Jamaica being the third largest island in the Caribbean is known for its local fascinating culture found throughout the island including the music, dance, songs and food. An island colonized by Christopher Columbus, with its earliest inhabitants being the Taino Indians, also known as the Arawak. The island is 4,243 square miles in size with a coast line of 634 miles and is located in the Caribbean Sea just 90 miles of south Cuba. It carries various numbers of different ethnic groups with the largest group being from African descent. Also interweaved in this ethnic majority was the European culture of the white slave masters.
With most countries that the majority is living in deep poverty, there is a rebellion that springs from racism and oppression. According to The Gleaner, a Jamaican newspaper, “up to a third of Jamaicans are out and out illiterate in the 21st century, others are semi-literate; and up to three-quarters of the people in the low-wage economy have no formal skills training.”(2)

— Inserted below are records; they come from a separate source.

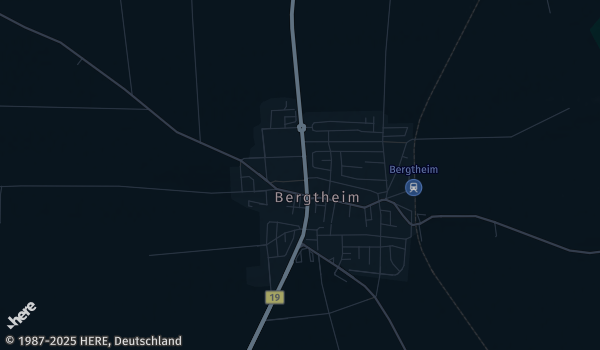 static map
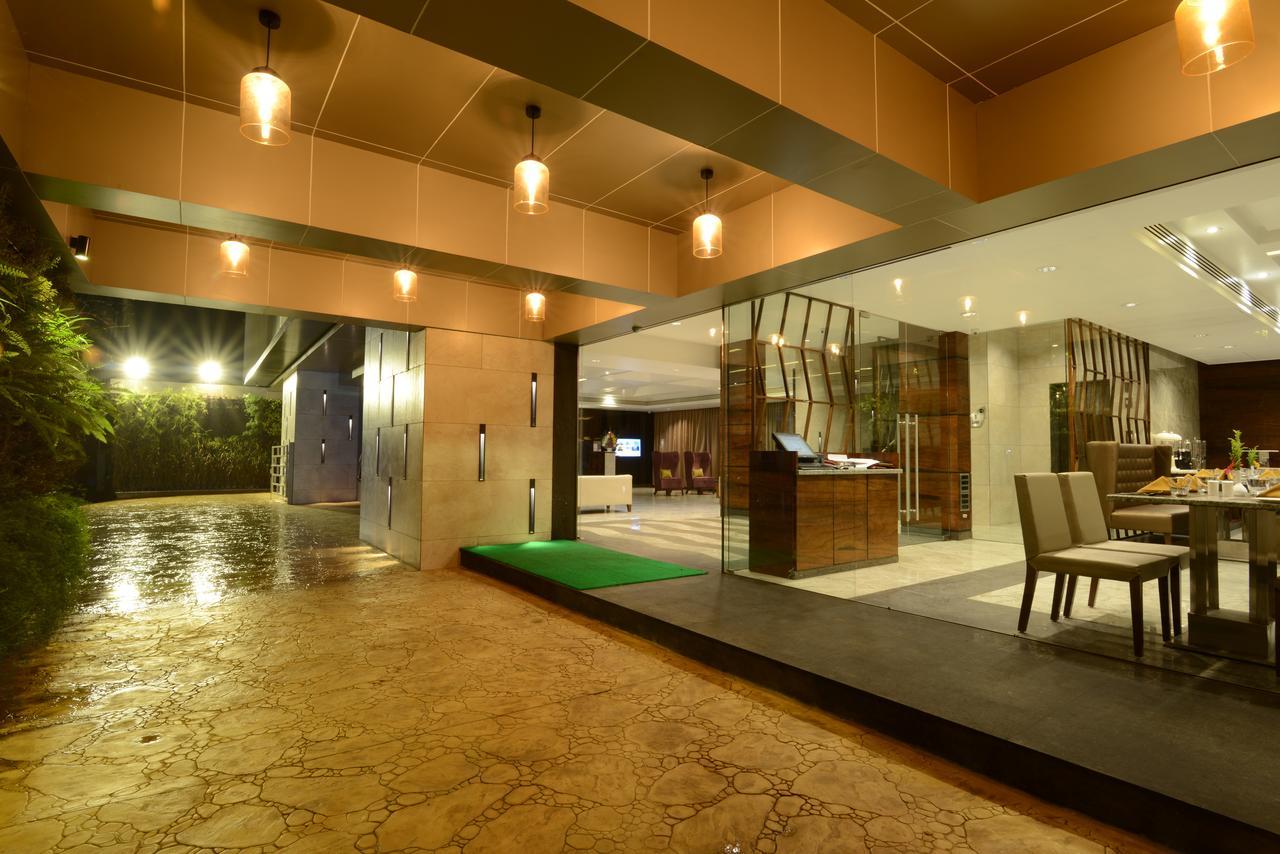 Maple Ivy- A Boutique Hotel Alibag Exterior photo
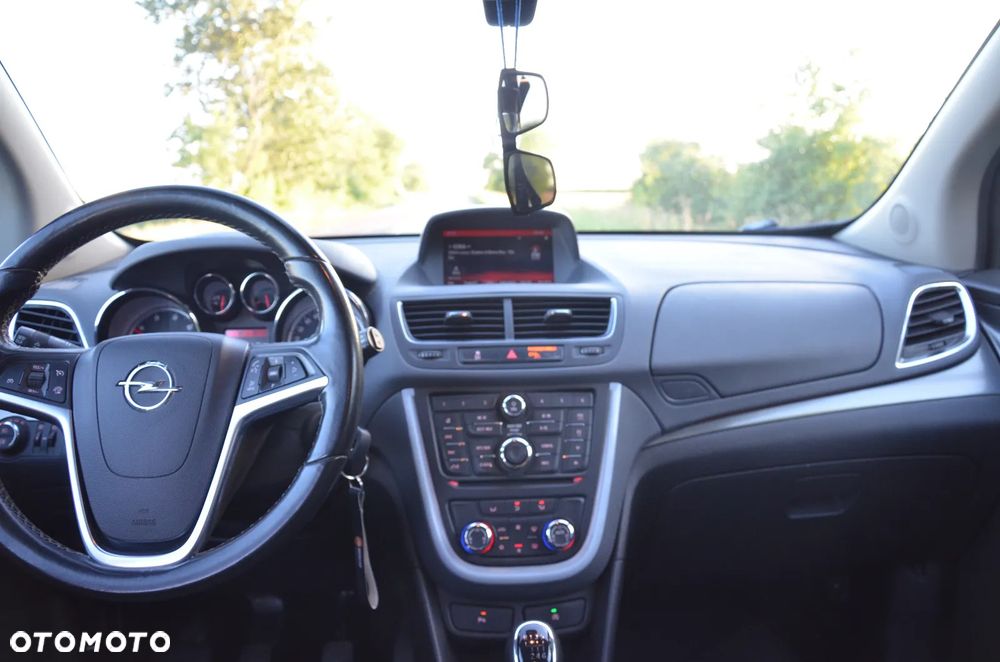 Opel Mokka 1.6 CDTI Cosmo S&S - 9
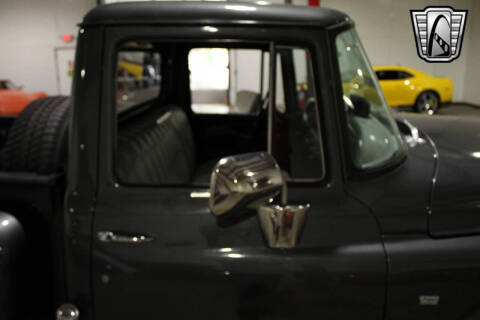 1965 International D-Series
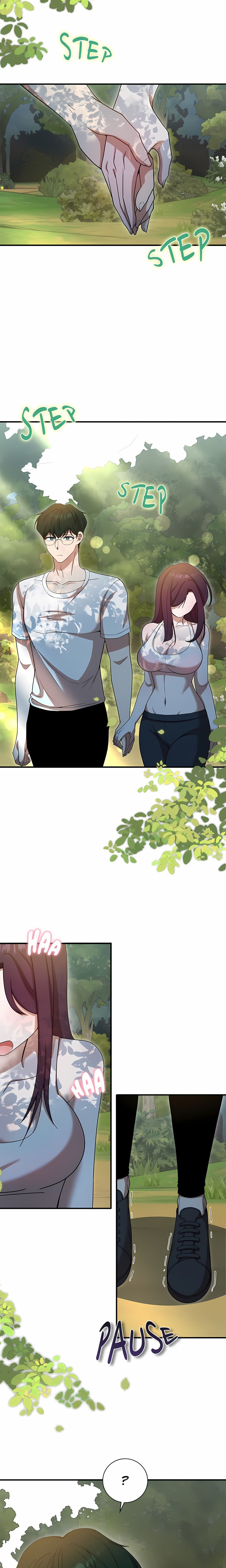Friendzone Face-Off - Chapter 5 Page 8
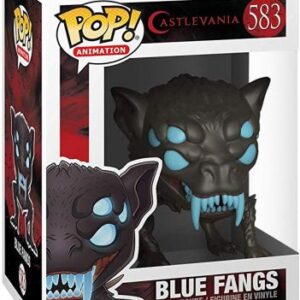 Blue Fangs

“The wealth is distributed largely along racial lines, reflecting Jamaica's slave- plantation heritage. The descendants of black slaves tend to be among the poorest classes in Jamaica, while white and mixed-race descendants of plantation owners and traders tend to be better off. These extremes are reflected in the nation's distribution of income: in 1996 the wealthiest 20 percent of Jamaicans controlled 43.9 percent of the wealth, while the poorest 20 percent controlled only 7 percent. In fact, the poorest 60 percent controlled just 34.3 percent of wealth. Due in large part to the decline of services in urban slums, the percentage of people with access to safe water has declined from 96 percent in the period from 1982-85 to 70 percent in the period from 1990-96; access to sanitation facilities (plumbed toilets) has dropped from 91 percent to 74 percent in the same period.”(3)

To truly understand the roots of Reggae music, we have to understand the major religion in Jamaica which is known as Rastafarianism. The Rasta story is first linked to a Jamaican man living in America in the 1800’s named Marcus Garvey. Marcus Garvey prophesied that from Africa there would be a savior that would come and would deliver the American blacks back to Africa. Garvey also believed that only Africans should be in power in Africa. He was dedicated to African Americans to being resettled in Africa. In 1930 there was a prince that came to power in Ethiopia. His family name was Tafari and as was common in Ethiopia, Tafari took the Amharic title of Ras. When Ras Tafari had his coronation he took the new name of His Imperial Majesty Emperor Haile Selassie I. Selassie I invited blacks living outside Africa to return to the motherland and return to Shasamene. Thus, this Emperor was the fulfillment of the prophecy that Marcus Garvey spoke of and was believed to be the reincarnation of God in human form.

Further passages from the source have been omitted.